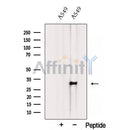 Western blot analysis of extracts from A549 cells, using TMEM106B Antibody. The lane on the left was treated with blocking peptide.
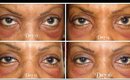 Blepharoplasty /Eyelid Surgery/ Ethnic/ African American Part 3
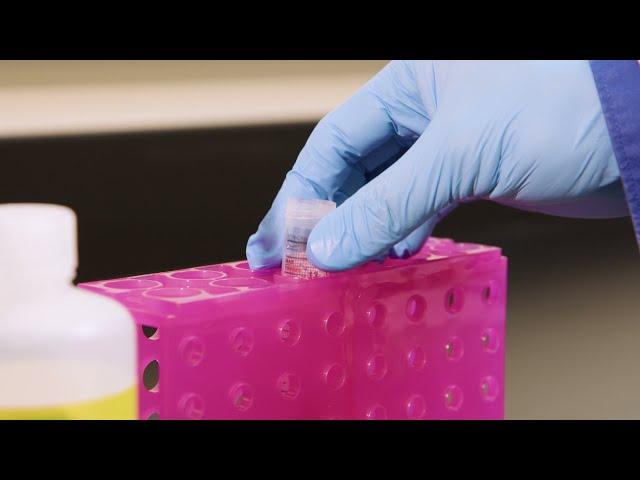 Quick Tips: How to Image a Chemiluminescent Western Blot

----

Copy exactly the lines from the line that holds "Blepharoplasty /Eyelid Surgery/" to the end of the listing, both included. Leave the pictures out.

■ Response below:
 Blepharoplasty /Eyelid Surgery/ Ethnic/ African American Part 3
 Quick Tips: How to Image a Chemiluminescent Western Blot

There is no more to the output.